● **Exercise prompt**: Below are some records; output exactly the lines from the line with "Derby Forever(永远的德比残骸汽车节全车辆破解版) 1.38最新版" to the line with "Strano diario", both ends kept, and nothing more.

● **Available data**:
"""

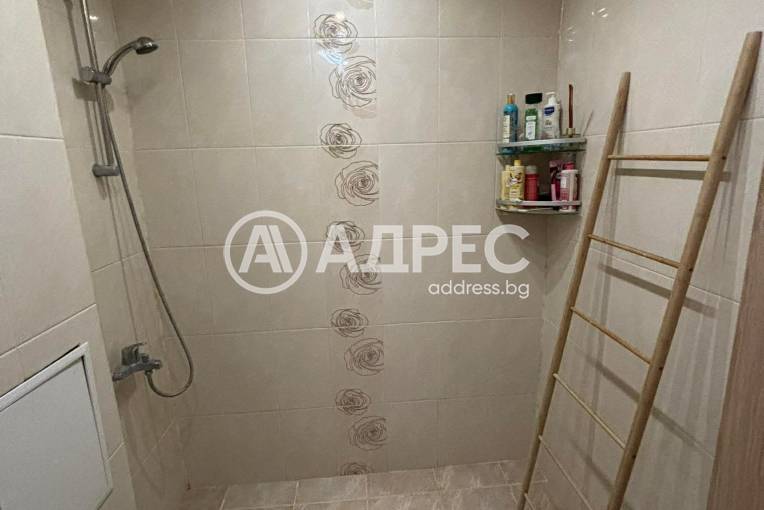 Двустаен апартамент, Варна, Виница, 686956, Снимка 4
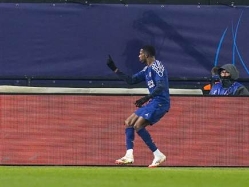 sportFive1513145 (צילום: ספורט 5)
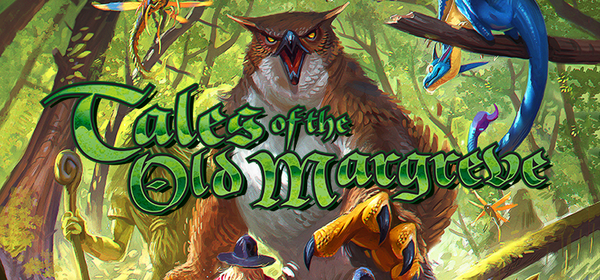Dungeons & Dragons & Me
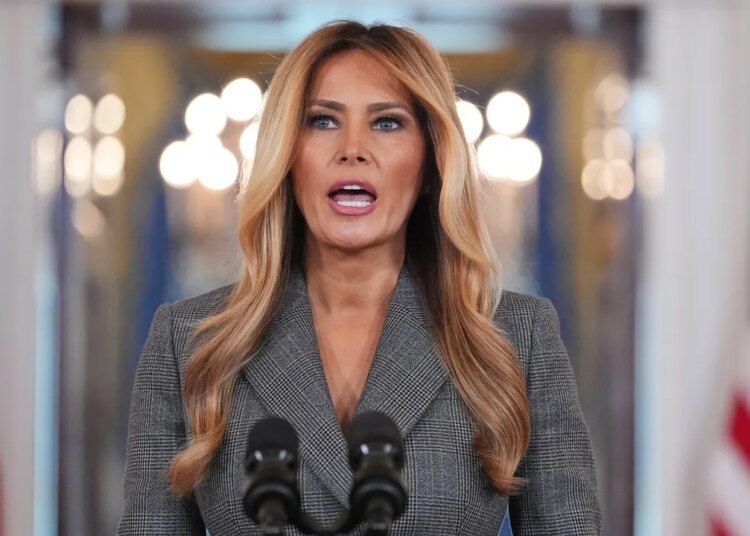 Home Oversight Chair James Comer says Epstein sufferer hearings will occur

"""
"""

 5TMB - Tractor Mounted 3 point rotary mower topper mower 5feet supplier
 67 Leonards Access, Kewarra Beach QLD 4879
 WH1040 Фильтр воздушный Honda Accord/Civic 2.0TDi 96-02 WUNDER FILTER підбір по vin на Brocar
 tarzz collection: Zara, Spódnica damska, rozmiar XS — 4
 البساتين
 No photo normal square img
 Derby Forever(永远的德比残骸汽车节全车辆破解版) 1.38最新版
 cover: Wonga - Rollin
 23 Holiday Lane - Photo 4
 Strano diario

"""

● **Expected answer**:
 Derby Forever(永远的德比残骸汽车节全车辆破解版) 1.38最新版
 cover: Wonga - Rollin
 23 Holiday Lane - Photo 4
 Strano diario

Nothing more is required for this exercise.